◆ Problem details ◆
Exactly reproduce the lines of the listing below from the one containing "Bassoon Duet Rossini" through the one containing "Dr. Matar with". Skip the images.

◆ Input ◆
*** Begin section ***

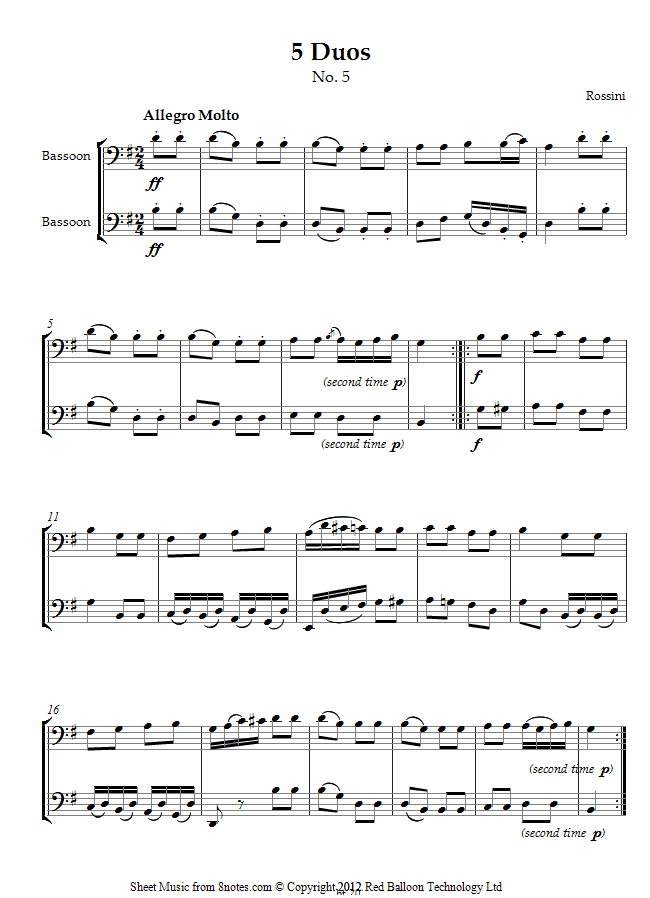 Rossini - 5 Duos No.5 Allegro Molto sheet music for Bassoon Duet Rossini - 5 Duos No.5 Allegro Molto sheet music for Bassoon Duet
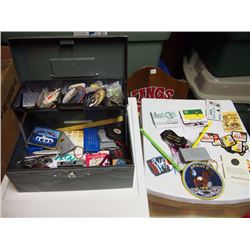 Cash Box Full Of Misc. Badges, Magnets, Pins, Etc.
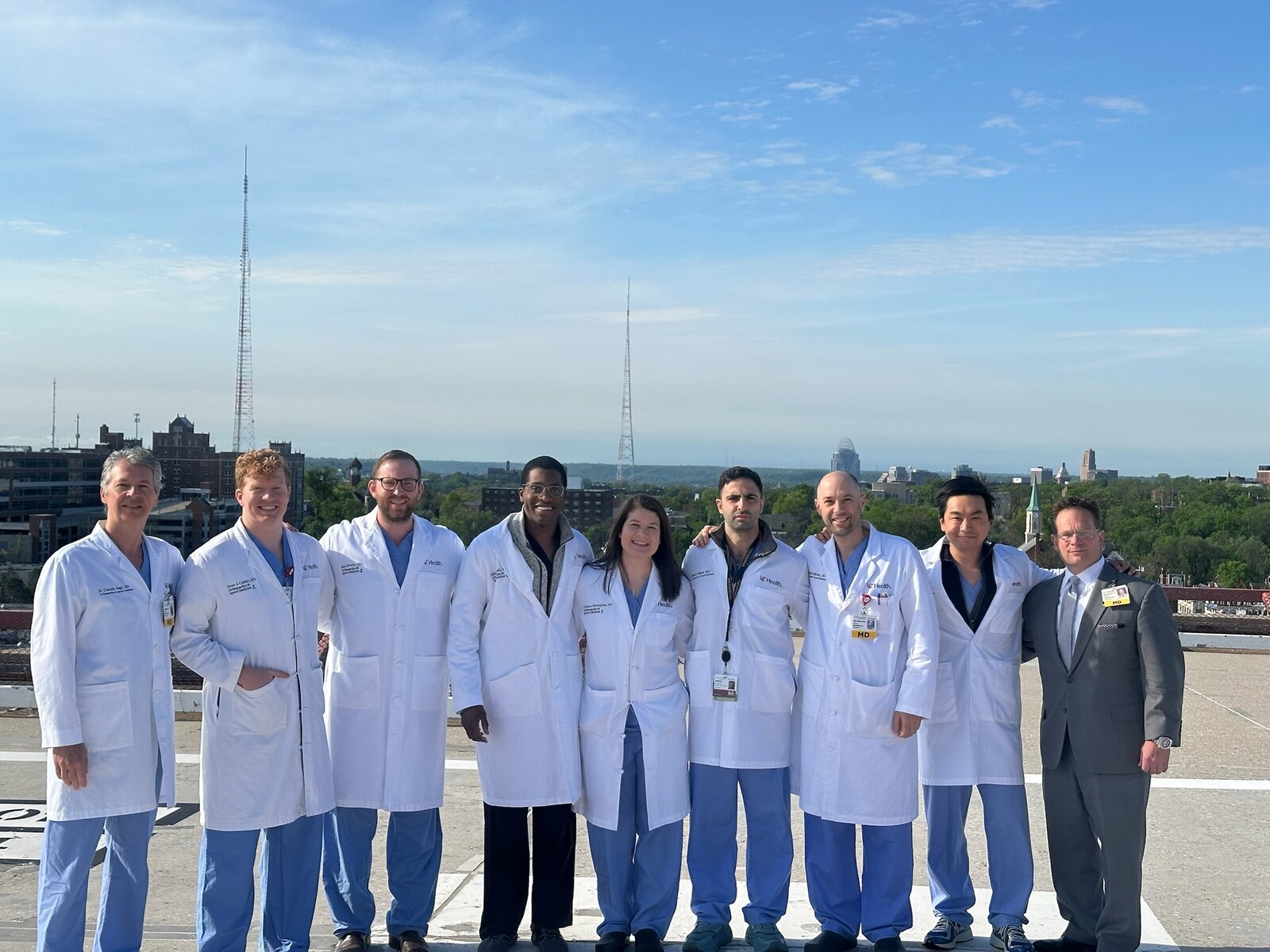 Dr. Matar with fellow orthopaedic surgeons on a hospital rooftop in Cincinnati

*** End section ***
*** Begin section ***

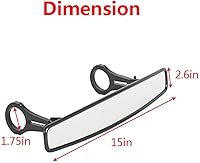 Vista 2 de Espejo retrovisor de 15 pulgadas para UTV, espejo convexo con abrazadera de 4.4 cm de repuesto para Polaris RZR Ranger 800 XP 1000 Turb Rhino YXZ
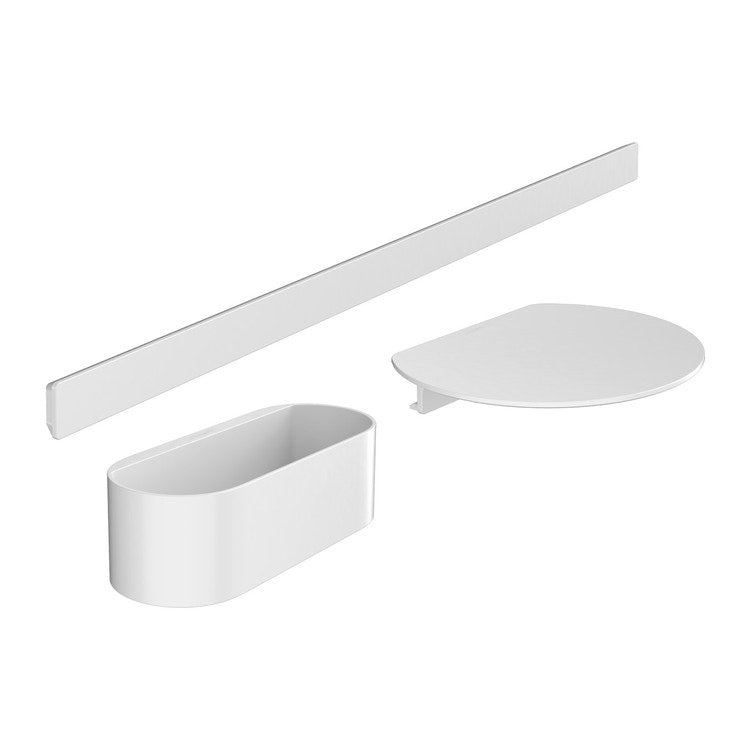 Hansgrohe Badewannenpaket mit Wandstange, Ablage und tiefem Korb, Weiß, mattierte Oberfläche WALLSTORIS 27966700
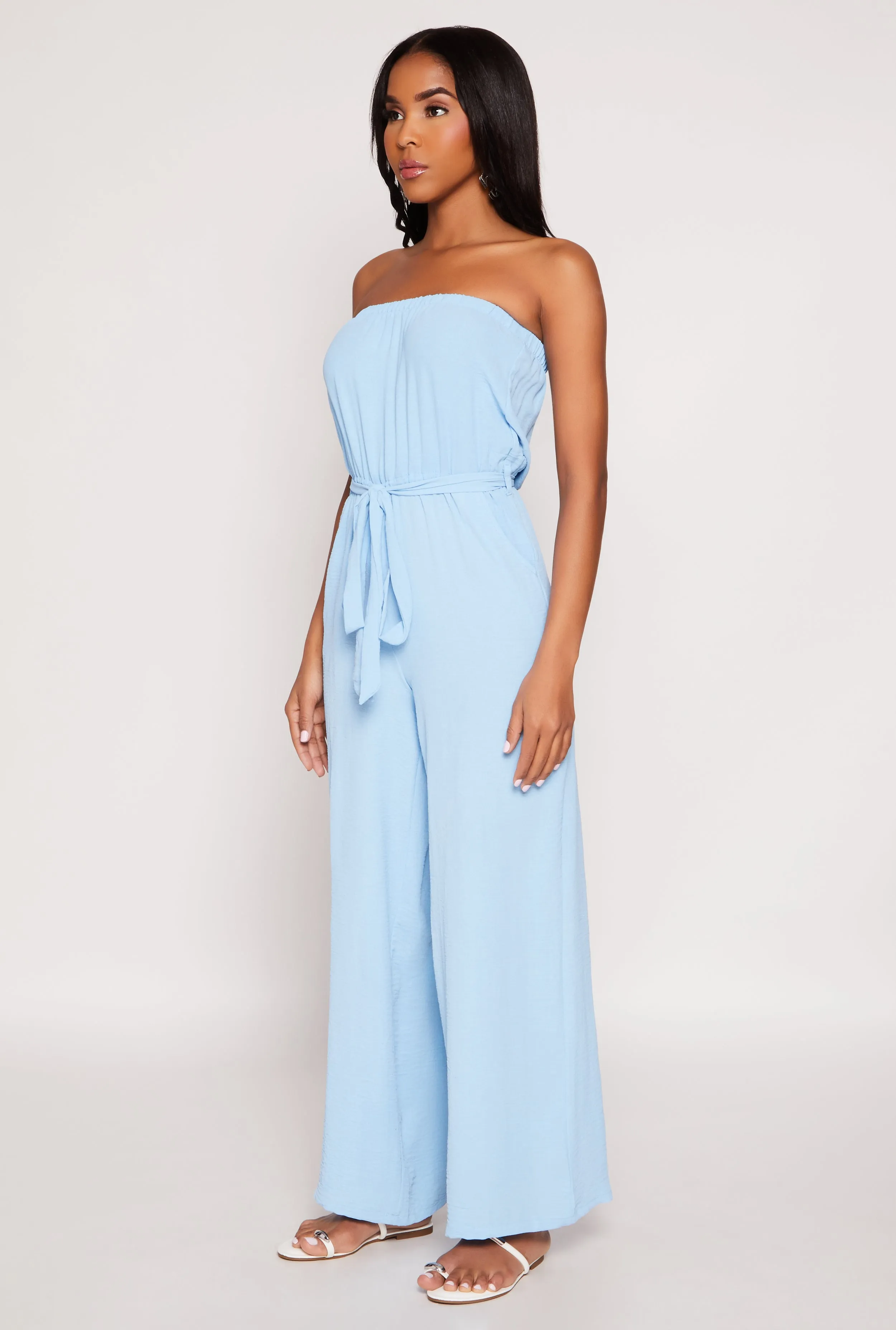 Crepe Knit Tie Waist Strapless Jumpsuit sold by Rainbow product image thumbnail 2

*** End section ***
*** Begin section ***

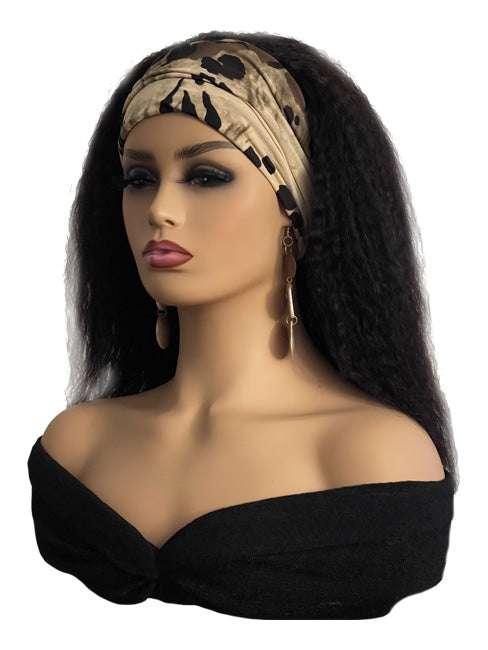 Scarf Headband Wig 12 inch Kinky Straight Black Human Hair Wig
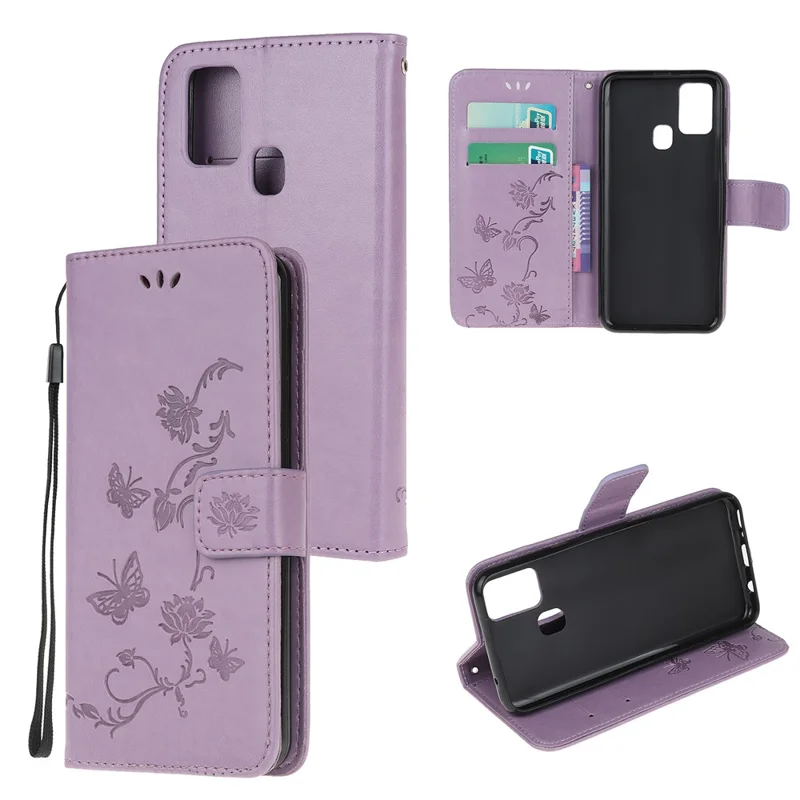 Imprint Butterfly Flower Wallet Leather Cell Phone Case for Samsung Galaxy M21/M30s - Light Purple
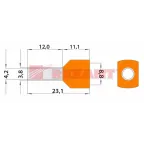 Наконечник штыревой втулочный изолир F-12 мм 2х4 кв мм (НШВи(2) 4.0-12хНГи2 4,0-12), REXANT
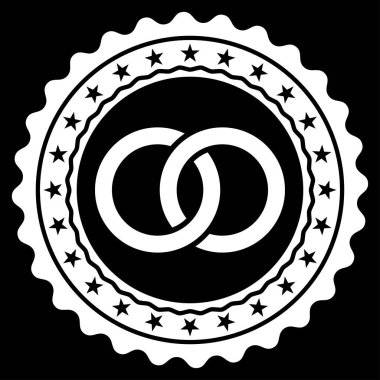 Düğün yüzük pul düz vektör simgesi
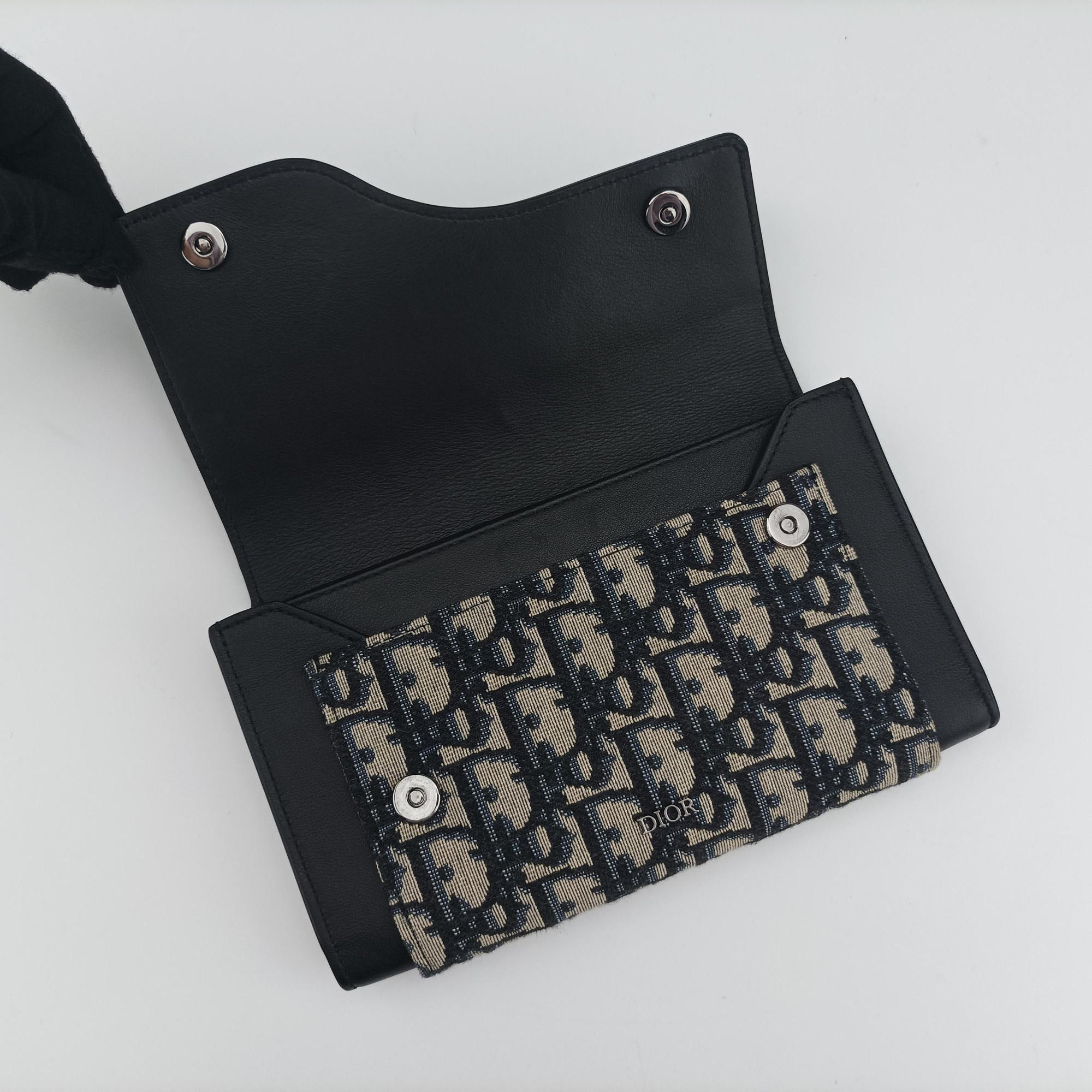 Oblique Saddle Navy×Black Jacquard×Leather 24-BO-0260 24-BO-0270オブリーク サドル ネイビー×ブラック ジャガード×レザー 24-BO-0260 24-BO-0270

*** End section ***

◆ Output for this task ◆
 Rossini - 5 Duos No.5 Allegro Molto sheet music for Bassoon Duet Rossini - 5 Duos No.5 Allegro Molto sheet music for Bassoon Duet
 Cash Box Full Of Misc. Badges, Magnets, Pins, Etc.
 Dr. Matar with fellow orthopaedic surgeons on a hospital rooftop in Cincinnati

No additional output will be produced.